In your copy, repeat the records exactly and leave out the pictures.

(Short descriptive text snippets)

•••••

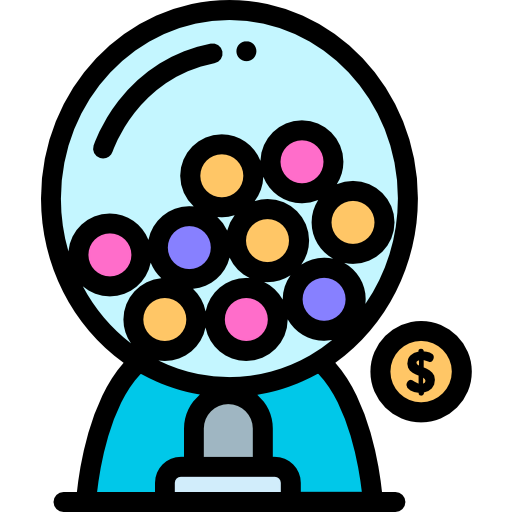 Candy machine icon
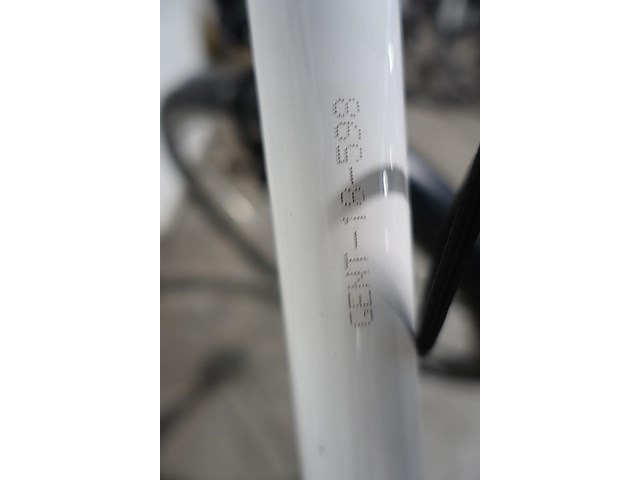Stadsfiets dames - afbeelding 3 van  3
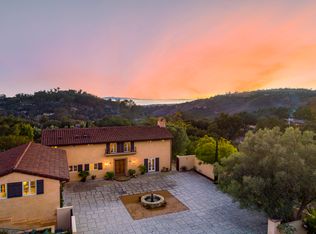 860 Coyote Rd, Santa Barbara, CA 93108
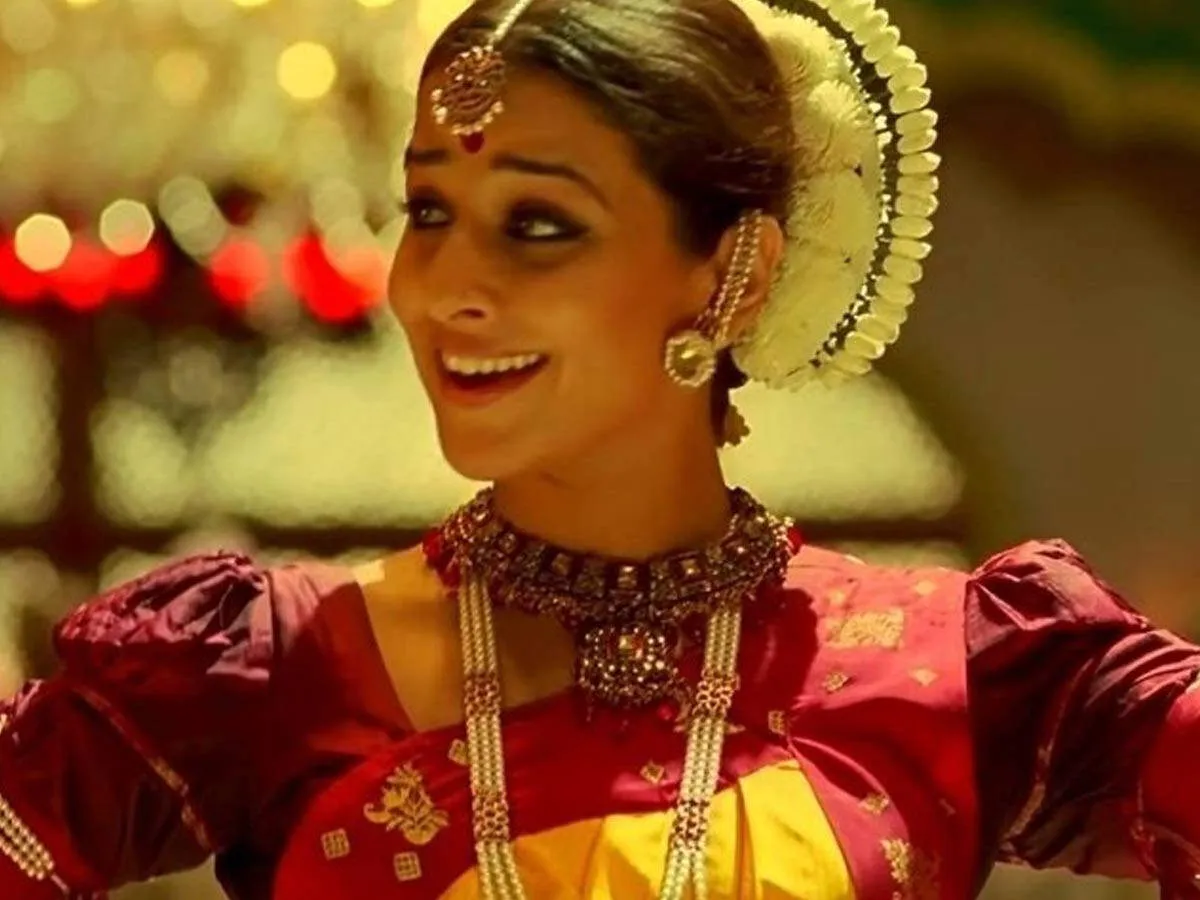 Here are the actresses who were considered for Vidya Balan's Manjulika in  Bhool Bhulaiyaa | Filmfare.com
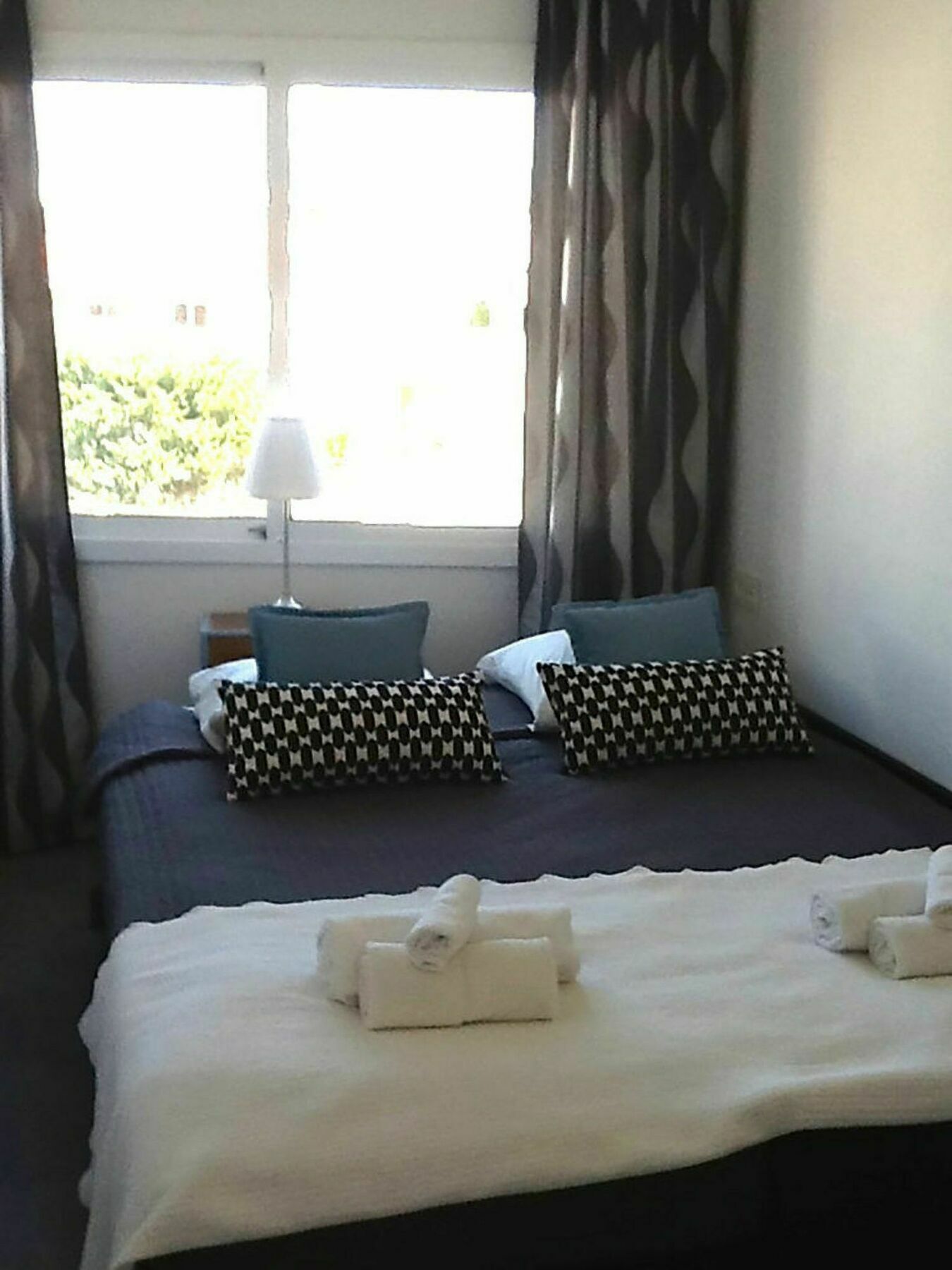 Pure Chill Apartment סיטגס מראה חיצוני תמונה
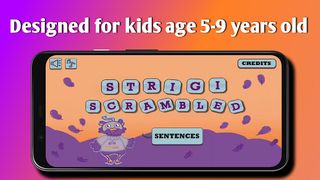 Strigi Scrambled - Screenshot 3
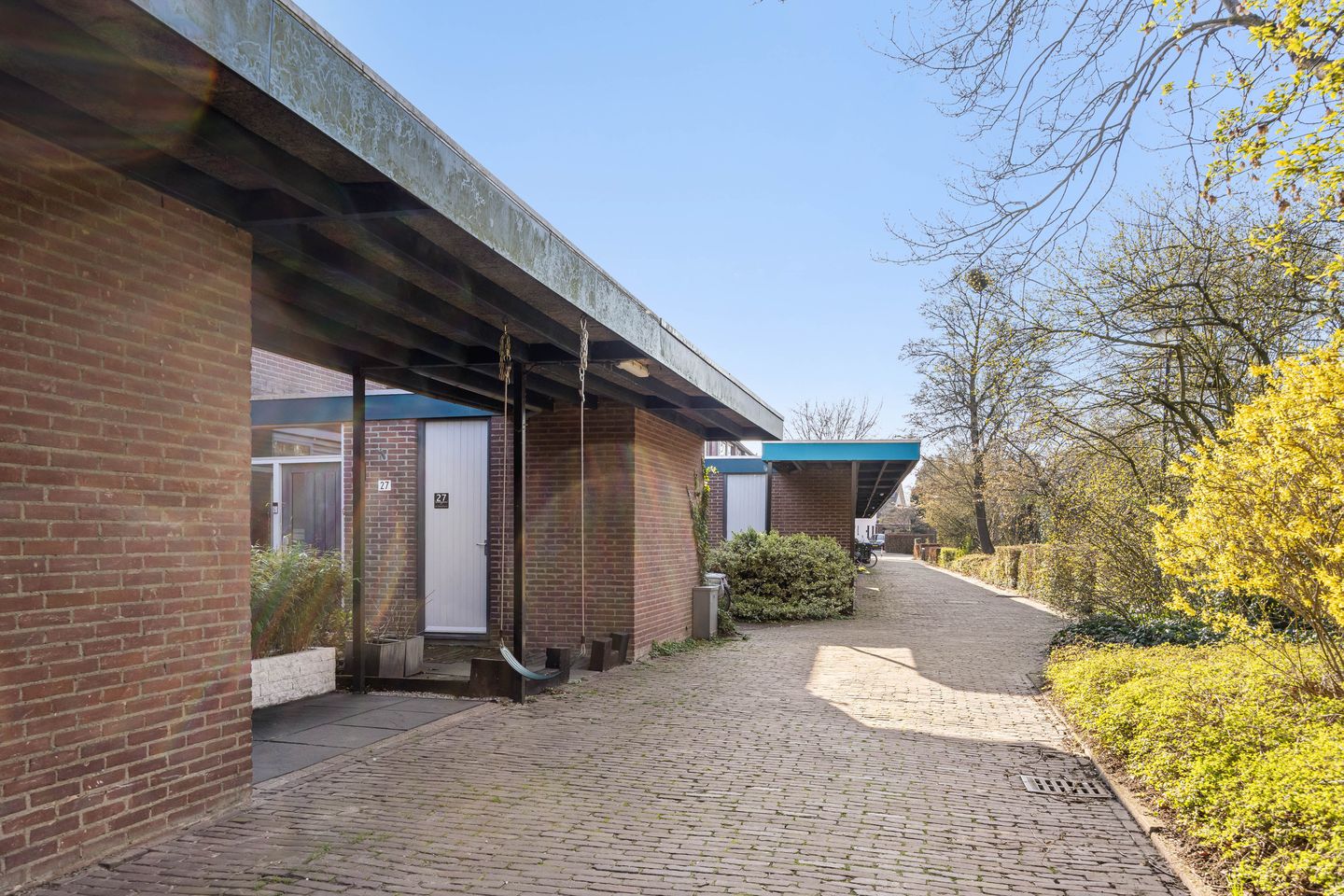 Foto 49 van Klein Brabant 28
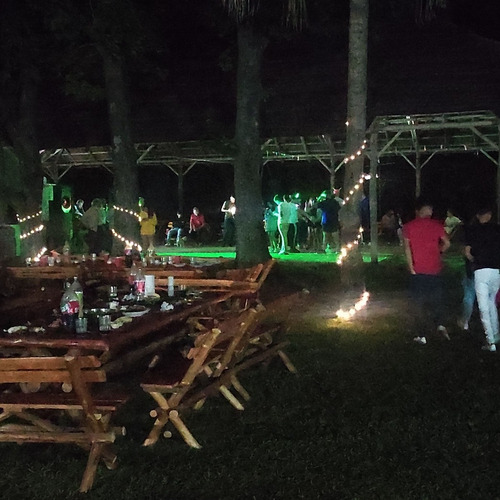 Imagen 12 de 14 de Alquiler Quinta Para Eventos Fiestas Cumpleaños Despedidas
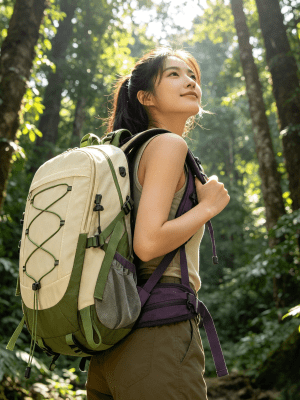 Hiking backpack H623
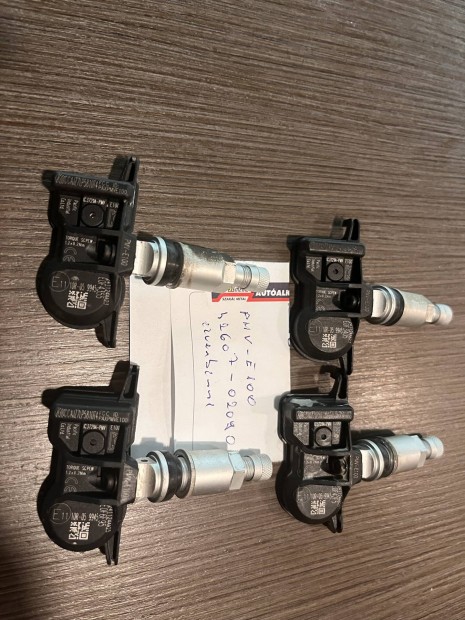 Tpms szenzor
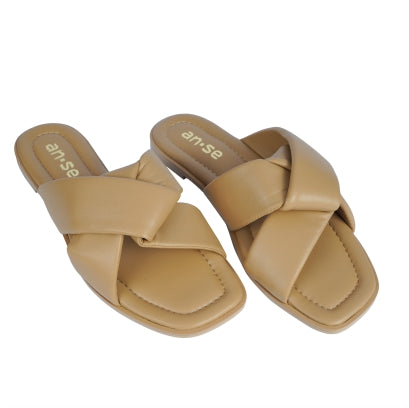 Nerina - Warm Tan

•••••

*Answer for this exercise*
 Candy machine icon
Stadsfiets dames - afbeelding 3 van  3
 860 Coyote Rd, Santa Barbara, CA 93108
 Here are the actresses who were considered for Vidya Balan's Manjulika in  Bhool Bhulaiyaa | Filmfare.com
 Pure Chill Apartment סיטגס מראה חיצוני תמונה
 Strigi Scrambled - Screenshot 3
 Foto 49 van Klein Brabant 28
 Imagen 12 de 14 de Alquiler Quinta Para Eventos Fiestas Cumpleaños Despedidas
 Hiking backpack H623
 Tpms szenzor
 Nerina - Warm Tan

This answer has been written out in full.